La idea de que la entrada a la estación Baquedano era la puerta a un infierno de torturas y violencia –como denunciaron conspicuos representantes políticos, idea desestimada por la Fiscalía y el INDH– cobró mucha fuerza y circuló con rapidez y amplitud. No era para menos. Quizás eso explica la furia que se desató contra el acceso B. Quizás, también, eso ayuda a entender que en el mismo lugar se haya erigido lo que bautizaron como el Jardín de la resistencia. La organización Museo del Estallido Social describe así los pilares fundamentales de este lugar: “La recuperación de la biodiversidad y la apreciación de nuestro paisaje a través de la flora nativa, la sabiduría de los pueblos originarios, la conexión con la tierra y su espiritualidad”.

El contraste entre la declaración y el estado actual del lugar no podría ser mayor. El paso del tiempo, la temperatura, la falta de riego, la indiferencia, extinguieron esa vida que se pretendía resguardar.

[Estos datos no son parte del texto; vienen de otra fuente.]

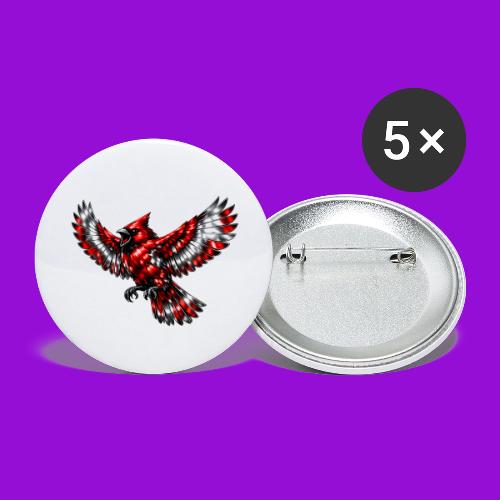 Silver Cardinal in Flight - Buttons large 2.2'' (5-pack)
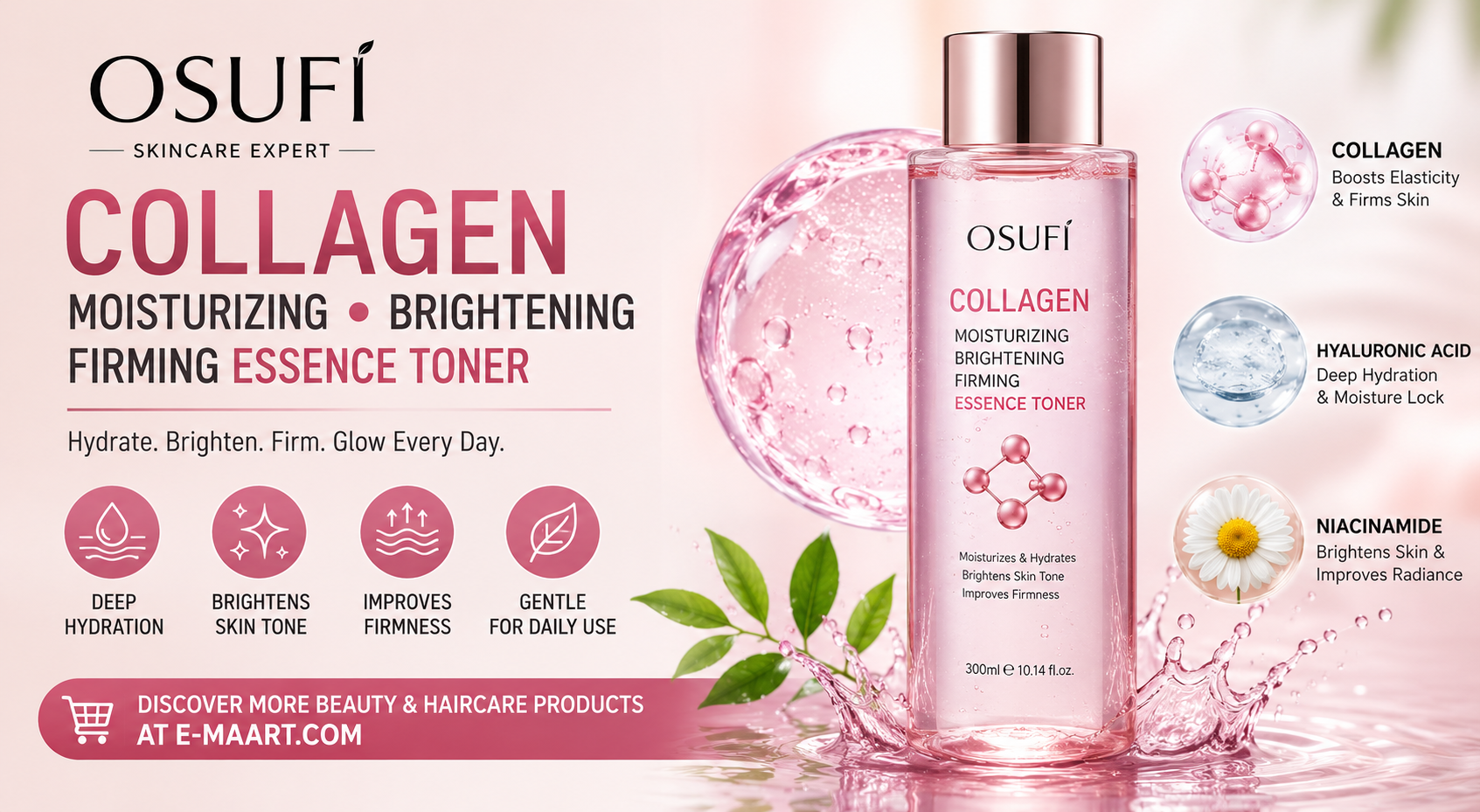 OSUFI Collagen Moisturizing Brightening Firming Essence Toner 300ml for Glowing Skin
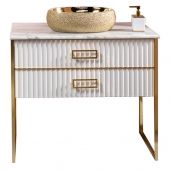 Тумба под раковину Armadi Art Monaco 80см белый/золото 867-080-WG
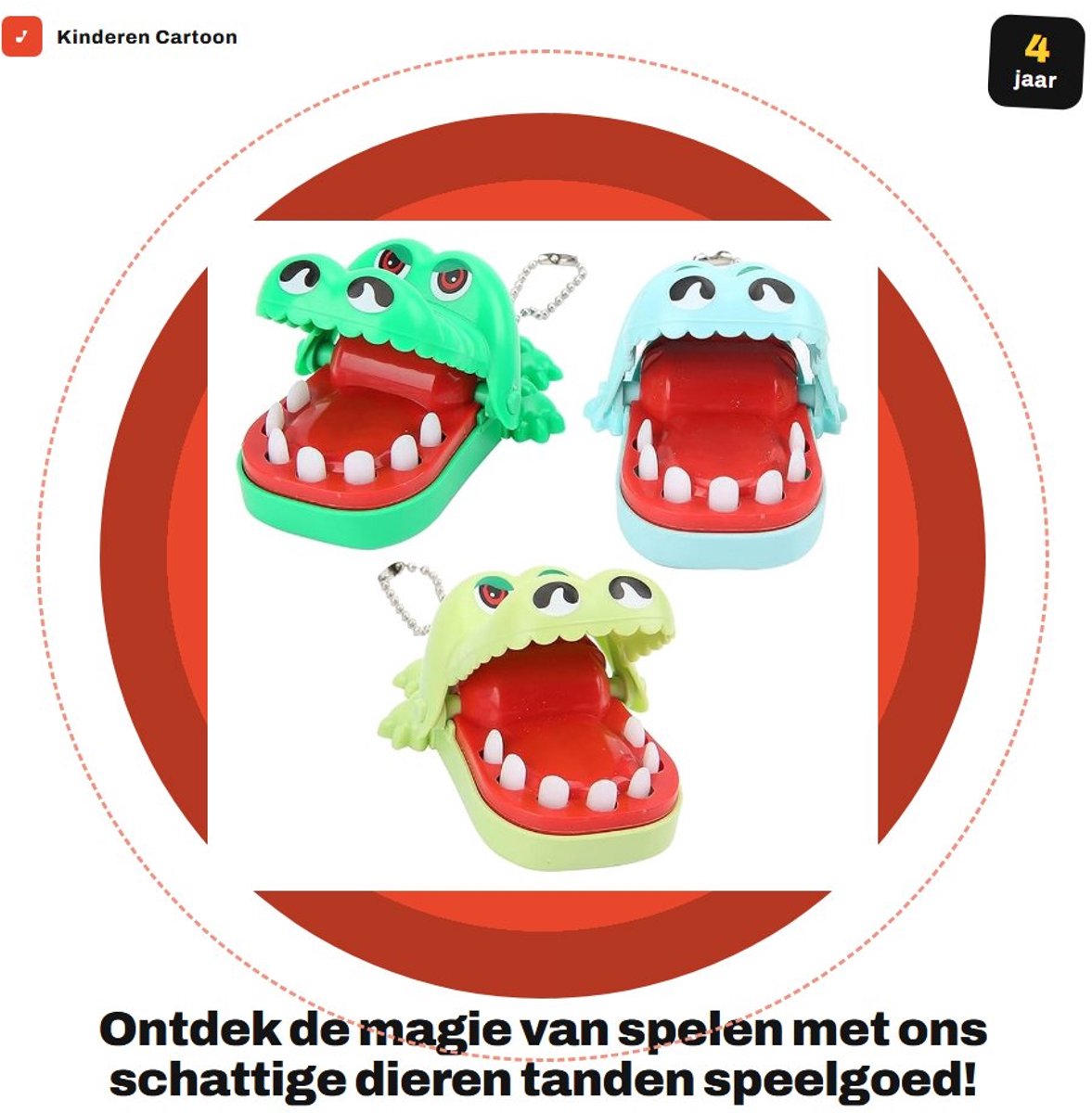 Dailygoods- Bijtspeelgoed Set 3 Stuks - Dierentanden Spel - Tandenspeelgoed - Multiplayer Fun - Veilig Kunststof - Levendig Ontwerp - Speelgoed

Lo que antes era el acceso a una estación de metro pretendieron transformarlo en un santuario a octubre, al estallido, al Chile despertó. Un lugar que pretende recordar, inmovilizar, esas sensaciones, tratando de aferrar el mensaje de aquellos momentos a las paredes del lugar, pintadas, grafiteadas, pintadas, grafiteadas, una y otra vez. Esa fue la dinámica durante varios meses: luego de la primera etapa, Metro pintó de gris las murallas del acceso B, aunque sin tocar el jardín. Los volvieron a rayar; los volvieron a pintar. Hoy, el fondo es blanco y sigue rayado.

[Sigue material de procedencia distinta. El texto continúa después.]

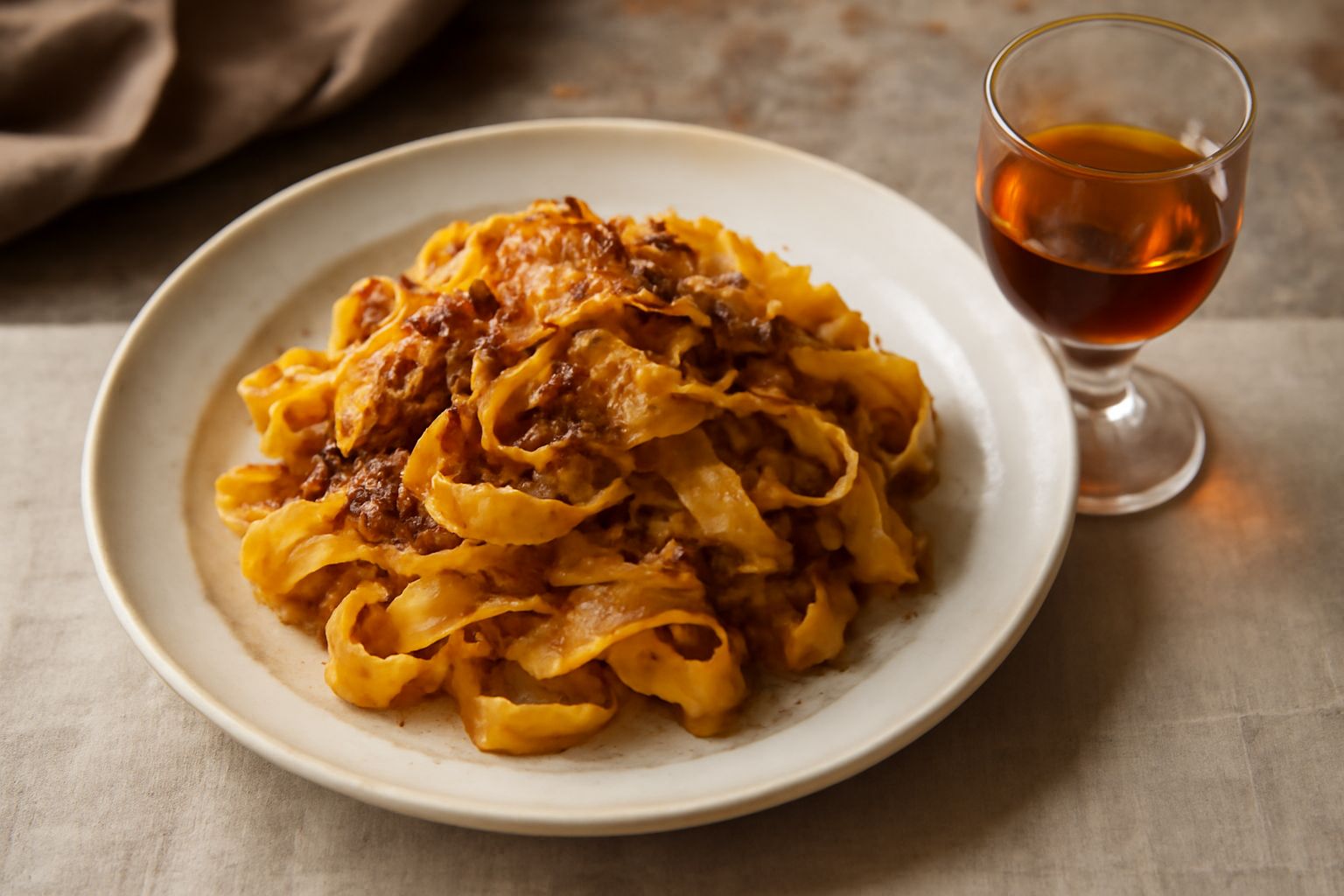 Bicchiere di vin santo color ambrato con riflessi dorati accanto a cantuccini croccanti su piattino bianco, sfondo neutro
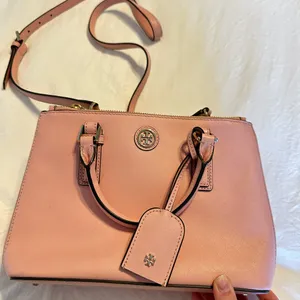 Tory Burch Blush Pink Saffiano Leather Satchel with Removable Strap thumbnail 1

“Libertad a los presos”, “Faltan los presos”, “No van a acallar la voz del pueblo”, “No olvidamos”, “Existir para resistir”. Las paredes quieren gritar. También le gritan a Gabriel Boric. Un stencil lo muestra junto a su exministra de Interior, Izkia Siches, ambos sonrientes, pintados de amarillo. Bajo sus caras reza la leyenda: “Boris, tu acuerdo de paz descansa sobre nuestros presos políticos”. Como Cronos en el mito griego, la violencia termina devorando a sus hijos.

Hasta hoy se discute qué hacer con el acceso B. Es el acceso principal a una estación que utiliza mucha, muchísima gente. En algún momento se debe recuperar alguna normalidad del centro de Santiago, todavía con heridas visibles del estallido. Pero cuando Metro anunció los trabajos para rehabilitar este espacio, sus ocupantes –siempre anónimos– rehusaron asistir a las reuniones con la empresa.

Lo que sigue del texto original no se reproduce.